As a rule, chancellors don’t give up tax revenue lightly; indeed, I remember a guest speaker at the PPA Festival in 2019 saying that, in his opinion, it just would never happen. Period.

Well, it did, and hats off to the phenomenal lobbying work done by Owen Meredith and his team at the PPA.

Owen spoke in detail about the VAT campaign in our latest podcast. Listening to Owen, you get some interesting insight into what it takes to mount an effective lobbying campaign.

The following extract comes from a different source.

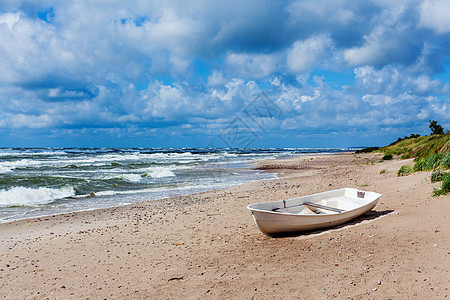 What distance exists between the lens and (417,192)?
9266 mm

  • Be persistent and be prepared to play the long game. Government policy does not change overnight. Owen joined the PPA as a junior lobbyist in 2014 and VAT was at the top of his to-do list back then.
  • Know your way around Whitehall. In a previous life, he worked as a senior parliamentary advisor for four years. Just prior to Sunak becoming chancellor, Owen met with him face to face to press his case.
  • Choose the right fight and get buy-in from key stakeholders. The VAT fight was winnable. Owen presented it as the “right thing to do”, a “technical correction” needed because the “law hadn’t kept up with technology”. Getting backing from the Cairncross Review and the DCMS select committee were important milestones.
  • Clarity of message and speaking with a unified voice. The PPA worked closely with other trade associations, including the Publishers Association (books) and the NMA (newspapers) to make sure everyone was singing from the same hymn sheet and couldn’t be played off against each other.
  • Be smart. If you can couch your policy aims in the language of the government’s own agenda (“abolish the reading tax to help with levelling up”), you’re more likely to be heard.

It’s not a question of flashy pyrotechnics and shouting the loudest – it’s about doing the serious groundwork, getting your ducks all in a row and sticking at it.

This successful approach bodes well for the tough but hopefully winnable lobbying efforts ahead, over big tech’s monopolistic grip on digital advertising and use of publisher content.